--- EXCERPTED DATA Enclosed Below ---

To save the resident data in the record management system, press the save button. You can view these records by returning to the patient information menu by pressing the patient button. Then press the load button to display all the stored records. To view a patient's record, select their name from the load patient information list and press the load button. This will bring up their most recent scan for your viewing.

--- End of Enclosed EXCERPTED DATA ---
--- EXCERPTED DATA Enclosed Below ---

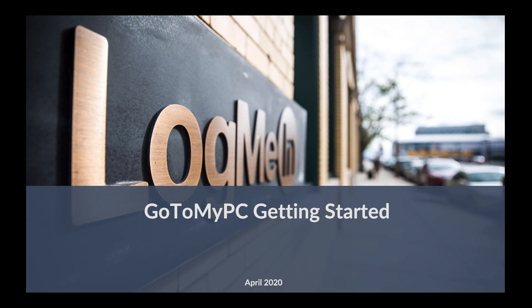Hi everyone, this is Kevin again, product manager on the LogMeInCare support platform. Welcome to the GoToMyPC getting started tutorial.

--- End of Enclosed EXCERPTED DATA ---
--- EXCERPTED DATA Enclosed Below ---

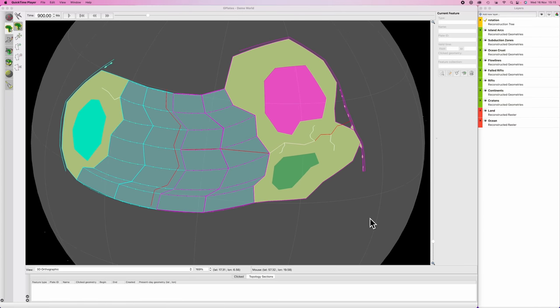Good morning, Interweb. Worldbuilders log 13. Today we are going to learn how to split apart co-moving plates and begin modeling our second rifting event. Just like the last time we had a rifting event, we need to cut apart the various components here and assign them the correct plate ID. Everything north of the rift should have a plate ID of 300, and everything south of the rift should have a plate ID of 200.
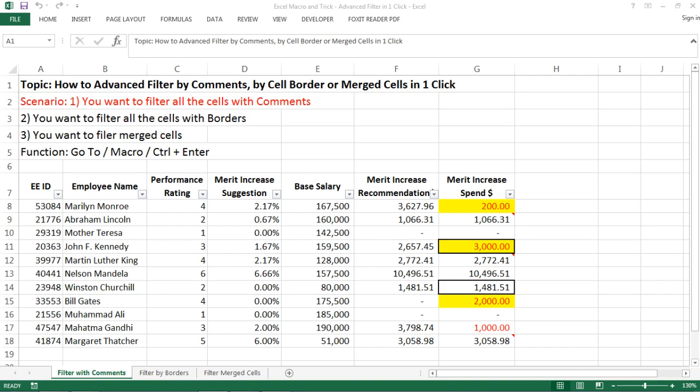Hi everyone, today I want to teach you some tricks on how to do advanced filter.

--- End of Enclosed EXCERPTED DATA ---

> [ACTIVITY]
Reproduce, exactly and only, the lines of the records above starting at the line with "Good morning, Interweb." and ending at the line with "Hi everyone, today", both included. Leave every picture out.

> [FINAL ANSWER]
Good morning, Interweb. Worldbuilders log 13. Today we are going to learn how to split apart co-moving plates and begin modeling our second rifting event. Just like the last time we had a rifting event, we need to cut apart the various components here and assign them the correct plate ID. Everything north of the rift should have a plate ID of 300, and everything south of the rift should have a plate ID of 200.
Hi everyone, today I want to teach you some tricks on how to do advanced filter.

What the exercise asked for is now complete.